Langston Hughes' "Dream Deferred" and Countee Cullen's "Incident"
























For Black History Month in February, I thought of referring folks to one or both of these poems, but I wondered if they were angry downers more than celebrations. I also reasoned that everyone already knows both poems and the arguments behind them. I’ve changed my mind.


Incident by Countee Cullen : The Poetry Foundation [poem] : Find Poems and Poets. Discover Poetry.

Harlem by Langston Hughes : The Poetry Foundation [poem] : Find Poems and Poets. Discover Poetry.

A few weeks ago at a gas station on I-95 in Florida, the vehicle in front of me was a large black pick-up with Florida plates and a West Virginia sticker in the rear windshield. Pumping its gas was a broad-shouldered white woman with short, straight, salt-and-pepper hair. She appeared not to have smiled in years. (I always smile while pumping gas).

Her bulk suggested that in her time she’d wrestled a few critters into the slaughter pen. When the gun jammed, she used a hammer.

Her bumper sticker read, “Don’t blame me. I voted for Jeff Davis.”

I was dumbfounded. I thought of saying something to the woman, trying to open a dialogue. I always think that and always return to this: What could I have said that would have mattered, would have done more than make me feel good? What skills do I have that could have made her question herself, her thoughts, feelings, motives?

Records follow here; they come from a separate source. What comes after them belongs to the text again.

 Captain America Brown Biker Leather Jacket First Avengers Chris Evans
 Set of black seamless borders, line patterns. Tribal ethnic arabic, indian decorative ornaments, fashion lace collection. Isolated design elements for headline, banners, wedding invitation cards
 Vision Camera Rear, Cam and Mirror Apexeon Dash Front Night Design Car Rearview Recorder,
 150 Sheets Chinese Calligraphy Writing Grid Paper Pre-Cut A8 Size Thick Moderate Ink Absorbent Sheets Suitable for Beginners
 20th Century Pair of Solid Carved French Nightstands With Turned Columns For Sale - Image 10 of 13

Who hurt her so badly that she needs to parade her anger that way, to strut her festering rage?

Had I said something, how long could I have remained non-confrontational? Though larger than I, and probably capable of pounding me into pink flakes, she was a woman. How would that aspect of the situation have played out? Can a male take a tire iron to a racist’s pick-up if the fart-mouthed racist is female?

Did she mar the day for anyone else? Did somebody else call her on it? If so, who will narrate that episode?

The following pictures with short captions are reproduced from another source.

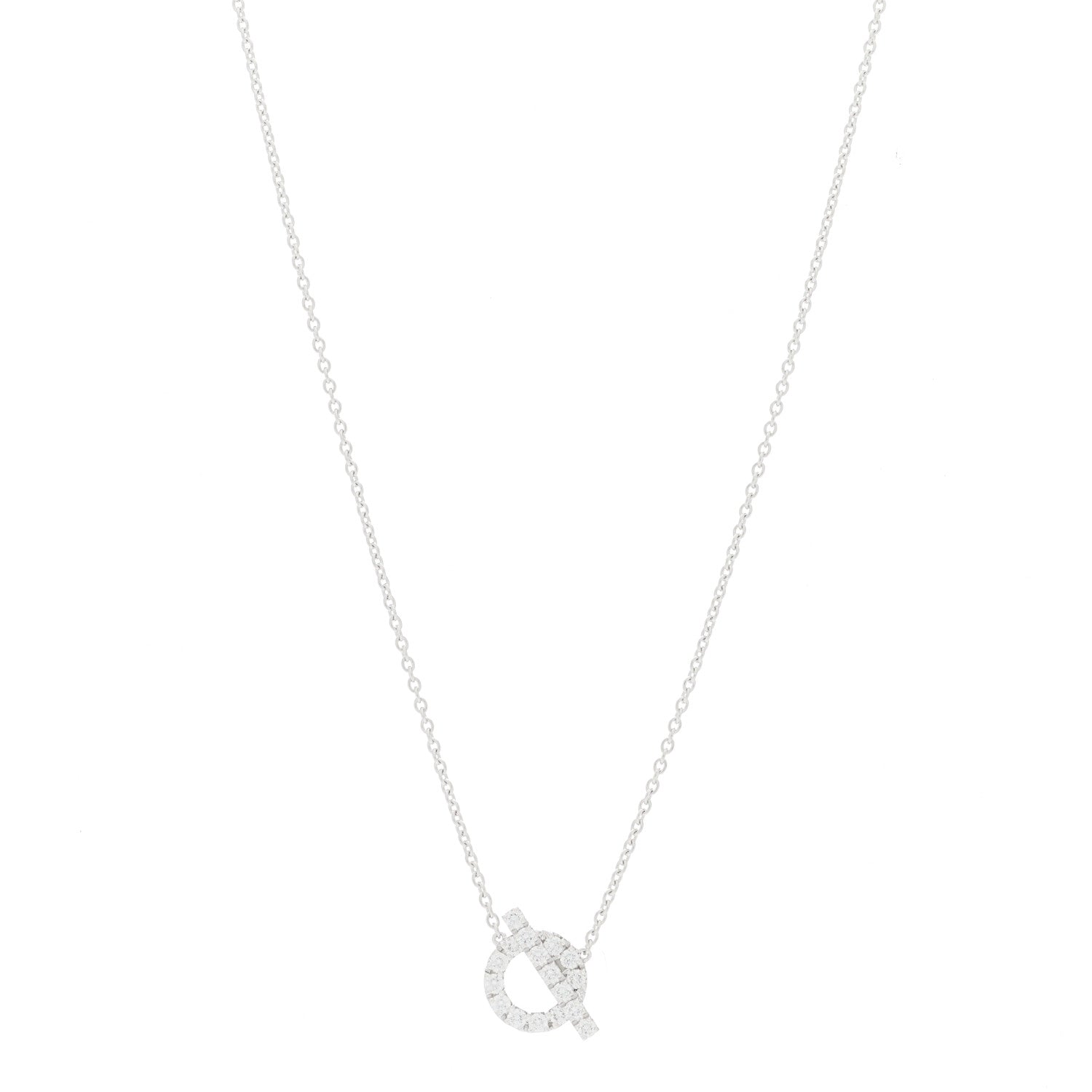 Hermes 18K White Gold Diamond Finesse Pendant Necklace 2 of 5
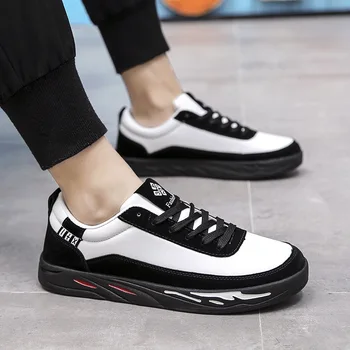 

New Men's Leather Sneakers Breathable Casual Shoes Non-slip Outdoor Walking Light Weight Rubber Sole Lace-up Designer Shoes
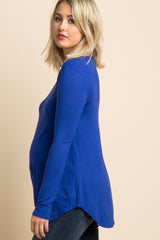 Royal Blue Basic Long Sleeve Maternity Top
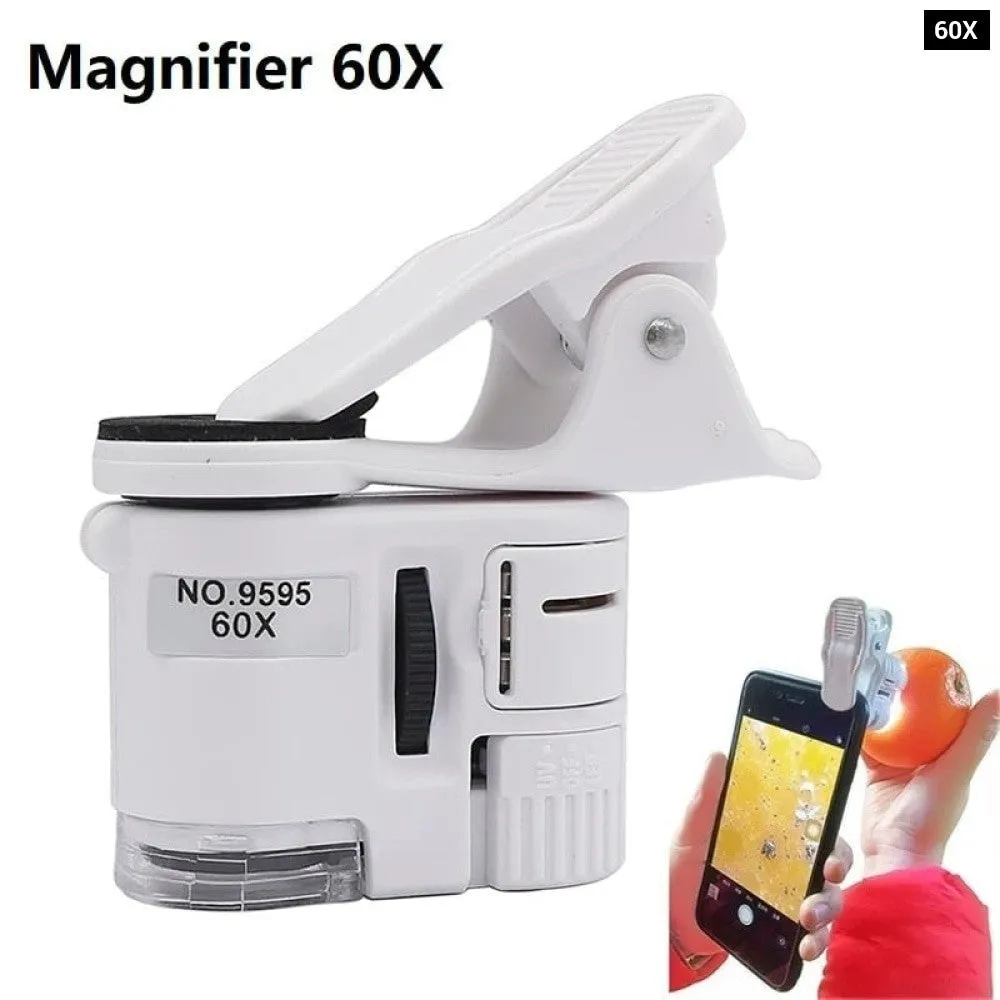 Clip Microscope 60x Led Jewelry Magnifying Glass Focusing Adjusted Pocket Microscope with Cell Phone Clip Uv Light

As of the 1980s, a stale, stereotyping quip about the (Caucasian) South was, “They’re still fighting the Civil War down there.”

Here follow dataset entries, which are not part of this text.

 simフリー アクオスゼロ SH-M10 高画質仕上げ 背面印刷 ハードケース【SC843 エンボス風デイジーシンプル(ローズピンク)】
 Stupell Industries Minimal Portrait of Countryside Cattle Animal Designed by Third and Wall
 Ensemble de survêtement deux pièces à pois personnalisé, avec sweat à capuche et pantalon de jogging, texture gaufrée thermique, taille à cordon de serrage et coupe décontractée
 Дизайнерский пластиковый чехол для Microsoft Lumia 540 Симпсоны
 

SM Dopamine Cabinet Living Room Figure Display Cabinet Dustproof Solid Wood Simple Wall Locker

I know the limits of such slogans; I've lived in the South, have often traveled in the South, and have probably seen as much evidence of racial harmony there as in the North. After all, the cities of Pontiac and Howell in Michigan were centers of KKK activity not so far back. About 20 years ago, I went to a bluegrass concert at a county fair in central Michigan, and just as I heard the music from the parking lot, I also saw the confederate flag flying. (I haven't been back; they miss me desperately).

So my brain knows better than to over-generalize because of one pickup owner who might be somehow connected to Florida and West Virginia.

I just checked the facts and discovered my brain . . . (that sounded so cute I decided to let it linger. Forgive me).

I learned that my brain is less than 2% of my body weight. The thinking part of the brain is about 10% of that 2%. I guess Madam Pickup, that muscular Ma Kettle, and I share a limitation. I wonder if she knows.